Perusahaan layanan konsultasi profesional, Accenture merilis laporan Accenture Technology Vision 2023 bertajuk When Atoms Meet Bits: The Foundation of Our New Reality. Salah satu hasilnya, tren identitas digital dianggap menjadi penting. Bagaimana detailnya?

Secara umum, laporan tersebut menyebutkan terdapat empat tren kunci teknologi seperti identitas digital, transparansi data, kecerdasan buatan atau artificial intelligence (AI) secara generatif (generative AI), serta timbal balik sains dan teknologi.
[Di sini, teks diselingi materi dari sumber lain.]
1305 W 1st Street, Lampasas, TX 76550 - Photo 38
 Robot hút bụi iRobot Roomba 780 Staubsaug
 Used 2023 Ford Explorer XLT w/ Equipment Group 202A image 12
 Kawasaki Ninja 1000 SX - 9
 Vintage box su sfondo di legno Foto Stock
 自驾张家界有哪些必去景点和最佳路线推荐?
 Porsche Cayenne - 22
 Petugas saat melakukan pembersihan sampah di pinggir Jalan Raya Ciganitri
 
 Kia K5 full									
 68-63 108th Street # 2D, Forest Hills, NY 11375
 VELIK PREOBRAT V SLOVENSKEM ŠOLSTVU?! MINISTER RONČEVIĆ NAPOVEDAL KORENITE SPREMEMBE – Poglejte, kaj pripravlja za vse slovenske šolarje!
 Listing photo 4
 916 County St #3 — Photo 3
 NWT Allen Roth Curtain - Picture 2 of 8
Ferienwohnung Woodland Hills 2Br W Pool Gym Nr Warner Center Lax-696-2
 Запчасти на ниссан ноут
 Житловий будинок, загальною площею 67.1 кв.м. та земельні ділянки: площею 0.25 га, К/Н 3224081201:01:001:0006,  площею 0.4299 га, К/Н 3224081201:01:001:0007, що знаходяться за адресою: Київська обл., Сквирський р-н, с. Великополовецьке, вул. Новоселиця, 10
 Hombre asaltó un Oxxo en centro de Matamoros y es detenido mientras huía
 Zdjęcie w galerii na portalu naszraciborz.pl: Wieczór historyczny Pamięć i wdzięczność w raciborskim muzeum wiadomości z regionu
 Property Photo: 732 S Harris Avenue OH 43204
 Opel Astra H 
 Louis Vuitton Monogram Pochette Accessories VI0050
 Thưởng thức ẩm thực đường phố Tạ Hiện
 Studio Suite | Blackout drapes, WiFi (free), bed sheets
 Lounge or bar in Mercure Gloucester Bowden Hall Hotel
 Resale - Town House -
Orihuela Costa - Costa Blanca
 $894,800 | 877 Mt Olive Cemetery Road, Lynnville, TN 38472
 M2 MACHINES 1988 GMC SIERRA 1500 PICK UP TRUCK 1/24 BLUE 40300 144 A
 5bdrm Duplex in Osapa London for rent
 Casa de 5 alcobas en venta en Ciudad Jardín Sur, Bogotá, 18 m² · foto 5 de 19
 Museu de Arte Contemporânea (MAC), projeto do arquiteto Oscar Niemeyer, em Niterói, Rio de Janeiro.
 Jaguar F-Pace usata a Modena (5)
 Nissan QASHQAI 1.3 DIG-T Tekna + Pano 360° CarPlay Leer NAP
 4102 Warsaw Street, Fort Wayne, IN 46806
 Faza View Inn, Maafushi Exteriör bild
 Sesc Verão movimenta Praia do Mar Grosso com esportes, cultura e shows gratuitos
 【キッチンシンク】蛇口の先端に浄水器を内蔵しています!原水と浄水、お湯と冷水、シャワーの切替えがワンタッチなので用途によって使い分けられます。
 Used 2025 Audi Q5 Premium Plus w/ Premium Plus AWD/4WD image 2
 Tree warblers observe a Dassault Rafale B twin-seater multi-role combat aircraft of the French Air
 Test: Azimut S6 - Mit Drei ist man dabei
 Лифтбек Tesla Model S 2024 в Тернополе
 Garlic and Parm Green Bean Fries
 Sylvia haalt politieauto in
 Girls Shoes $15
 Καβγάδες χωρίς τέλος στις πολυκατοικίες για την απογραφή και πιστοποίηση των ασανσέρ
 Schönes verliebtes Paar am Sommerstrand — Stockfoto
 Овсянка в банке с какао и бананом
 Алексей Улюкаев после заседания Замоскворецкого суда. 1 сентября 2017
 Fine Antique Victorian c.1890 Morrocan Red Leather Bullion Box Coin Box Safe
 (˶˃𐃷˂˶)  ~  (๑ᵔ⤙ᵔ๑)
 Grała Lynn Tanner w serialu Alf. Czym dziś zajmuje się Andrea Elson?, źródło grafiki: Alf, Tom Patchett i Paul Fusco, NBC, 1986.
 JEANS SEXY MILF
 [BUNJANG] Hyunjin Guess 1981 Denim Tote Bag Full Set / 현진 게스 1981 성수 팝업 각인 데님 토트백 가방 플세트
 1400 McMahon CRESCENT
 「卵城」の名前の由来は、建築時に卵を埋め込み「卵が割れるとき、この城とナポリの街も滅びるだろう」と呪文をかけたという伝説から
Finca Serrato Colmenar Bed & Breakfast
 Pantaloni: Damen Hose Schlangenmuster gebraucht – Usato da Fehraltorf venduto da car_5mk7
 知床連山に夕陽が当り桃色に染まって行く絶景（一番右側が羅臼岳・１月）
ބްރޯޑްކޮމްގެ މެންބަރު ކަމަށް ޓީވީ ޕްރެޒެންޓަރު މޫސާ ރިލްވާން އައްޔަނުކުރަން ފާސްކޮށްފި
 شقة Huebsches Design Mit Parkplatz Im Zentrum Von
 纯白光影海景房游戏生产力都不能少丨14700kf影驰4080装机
Technology Lead Accenture Indonesia, Retno Kusumawati menjelaskan, tren identitas digital menjadi penting karena akan menjadi pusat dan katalisator dunia fisik dan digital secara bersimpangan. 

Baca Juga: Agar AI di Indonesia Bisa Berkembang, Ahli: Industri hingga Pemerintah Harus Terlibat

“ID untuk setiap orang dan semua hal, ini penting karena akan menjadi core (pusat) dan untuk katalisator dunia fisik dan digital secara bersimpangan,” bukanya saat memaparkan soal tren identitas digital di acara peluncuran Accenture Technology Vision 2023 di Jakarta pada Kamis (13/7/2023).

Retno melanjutkan dengan mengambil contoh kasus Metaverse yang tetap membutuhkan identitas digital dari orang yang riil. Menurutnya, otentifikasi pengguna penting untuk memastikan bahwa pengguna Metaverse adalah benar-benar manusia.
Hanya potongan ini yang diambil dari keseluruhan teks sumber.